* **Task statement**
Exactly the lines starting at the line containing "Union Union Jack" and ending at the line containing "A Plump Pink Loves Sport Animated" are to be written out from the listing below, both included.

* **Material supplied**
★ ★ ★ ★

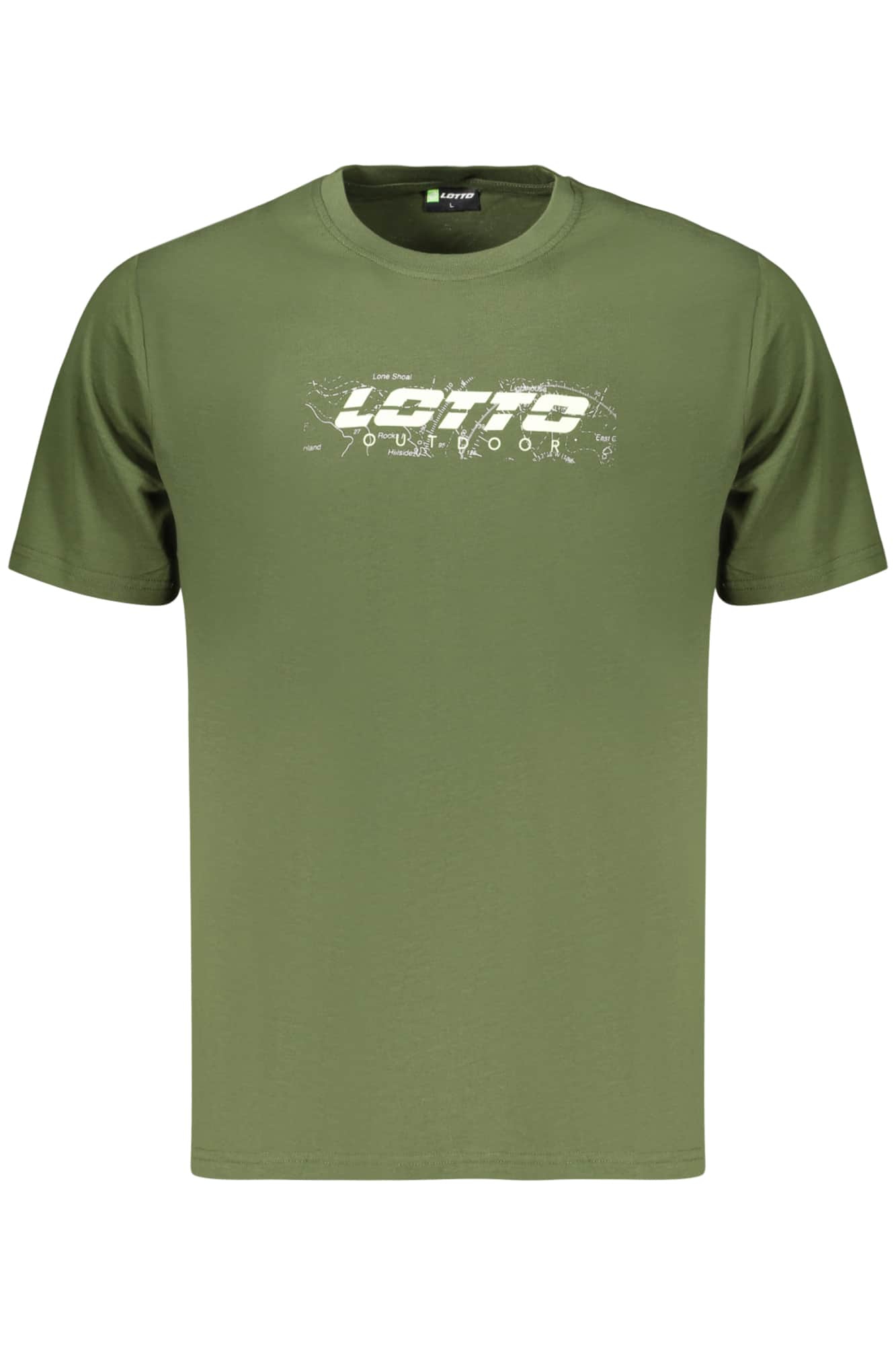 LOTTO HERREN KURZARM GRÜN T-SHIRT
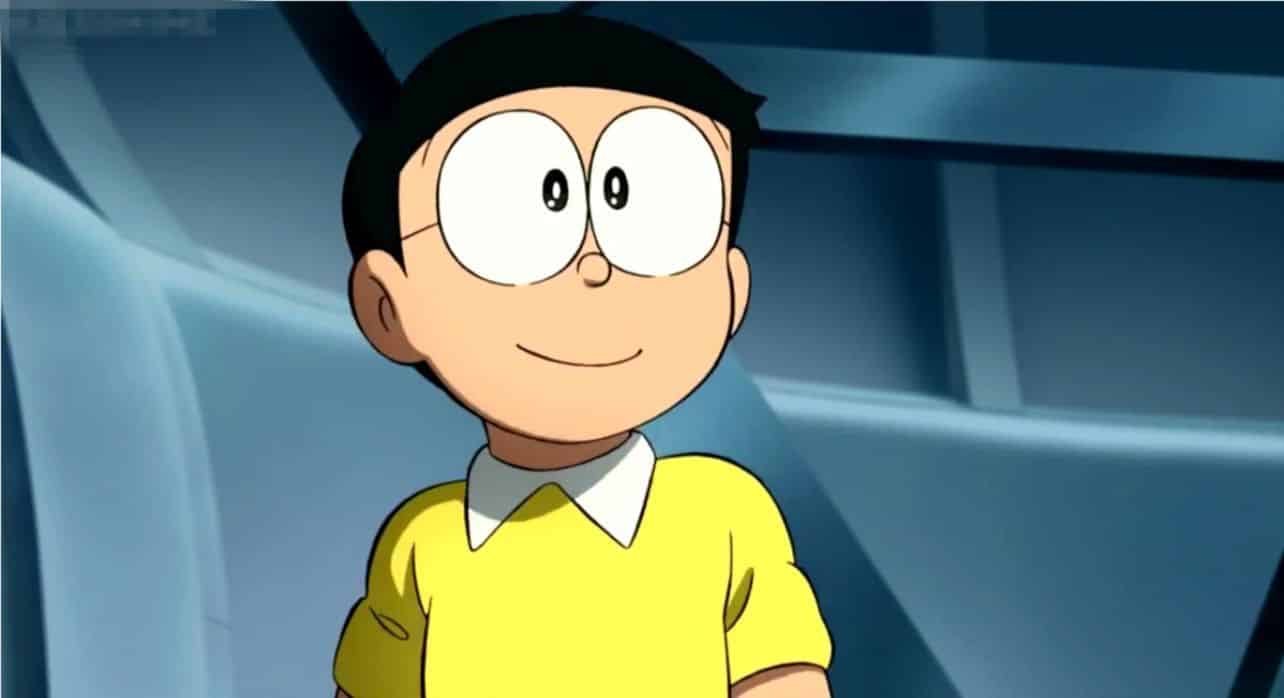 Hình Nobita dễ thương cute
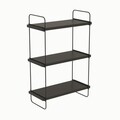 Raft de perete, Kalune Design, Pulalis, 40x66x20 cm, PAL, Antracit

★ ★ ★ ★

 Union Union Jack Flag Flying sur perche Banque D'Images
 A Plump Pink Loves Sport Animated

★ ★ ★ ★

* **Result for this task**
 Union Union Jack Flag Flying sur perche Banque D'Images
 A Plump Pink Loves Sport Animated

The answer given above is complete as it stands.